_Action item_. Please set down only the lines below starting with the line with "ABD'de Maduro mahkemeye" and going on through the line with "SUZANNE ELIZABETH CHRISTMAS", verbatim and without pictures.

+++ Data section +++

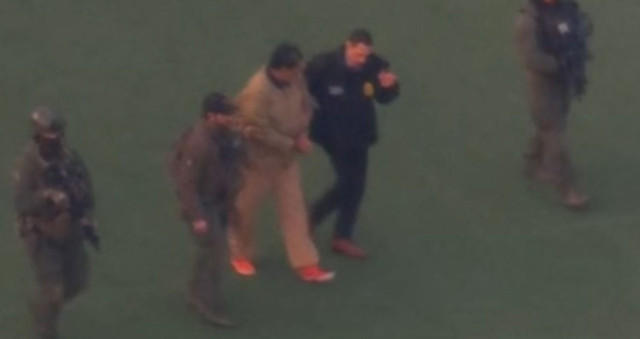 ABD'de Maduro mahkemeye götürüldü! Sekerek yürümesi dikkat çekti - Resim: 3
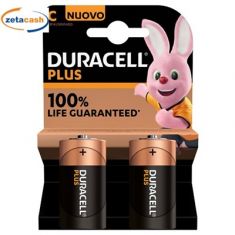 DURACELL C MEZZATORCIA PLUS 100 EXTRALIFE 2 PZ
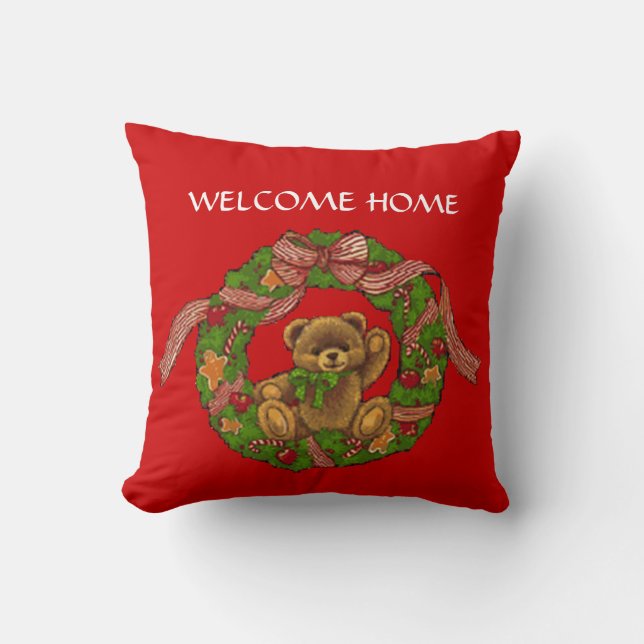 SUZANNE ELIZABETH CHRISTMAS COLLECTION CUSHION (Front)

+++
+++ Data section +++

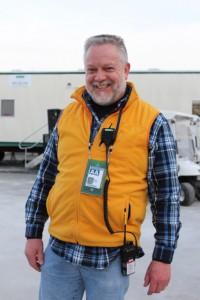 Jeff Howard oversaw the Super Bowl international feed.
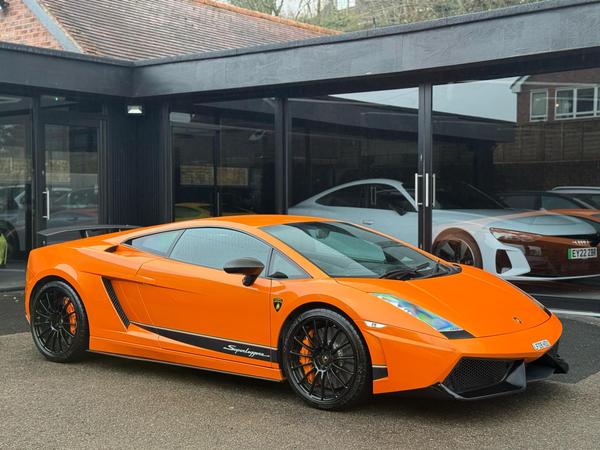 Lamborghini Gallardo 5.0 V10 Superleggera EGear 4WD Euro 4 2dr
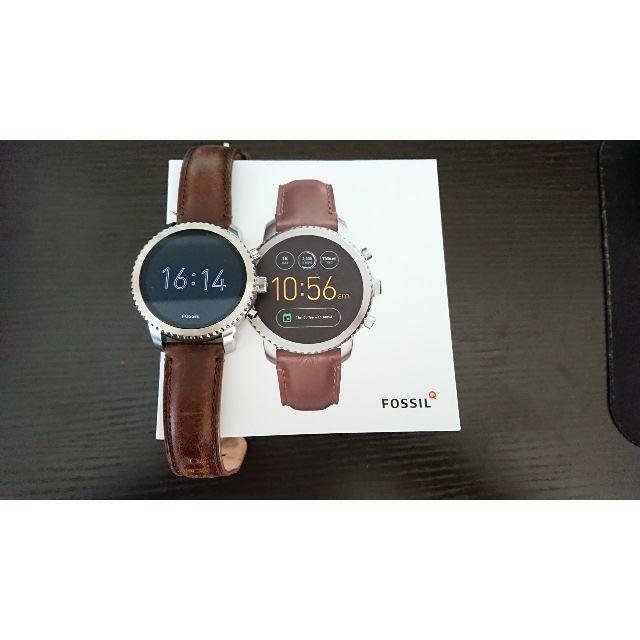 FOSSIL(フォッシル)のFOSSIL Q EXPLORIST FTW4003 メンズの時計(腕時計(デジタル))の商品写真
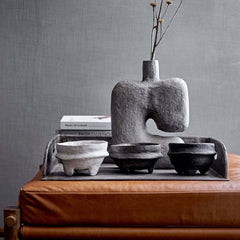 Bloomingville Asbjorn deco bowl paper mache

+++
+++ Data section +++

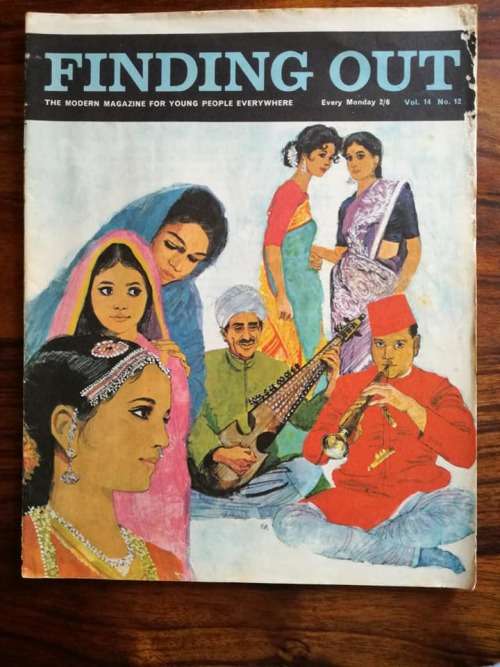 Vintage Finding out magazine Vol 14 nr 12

+++

_Exercise answer_.
 ABD'de Maduro mahkemeye götürüldü! Sekerek yürümesi dikkat çekti - Resim: 3
 DURACELL C MEZZATORCIA PLUS 100 EXTRALIFE 2 PZ
 SUZANNE ELIZABETH CHRISTMAS COLLECTION CUSHION (Front)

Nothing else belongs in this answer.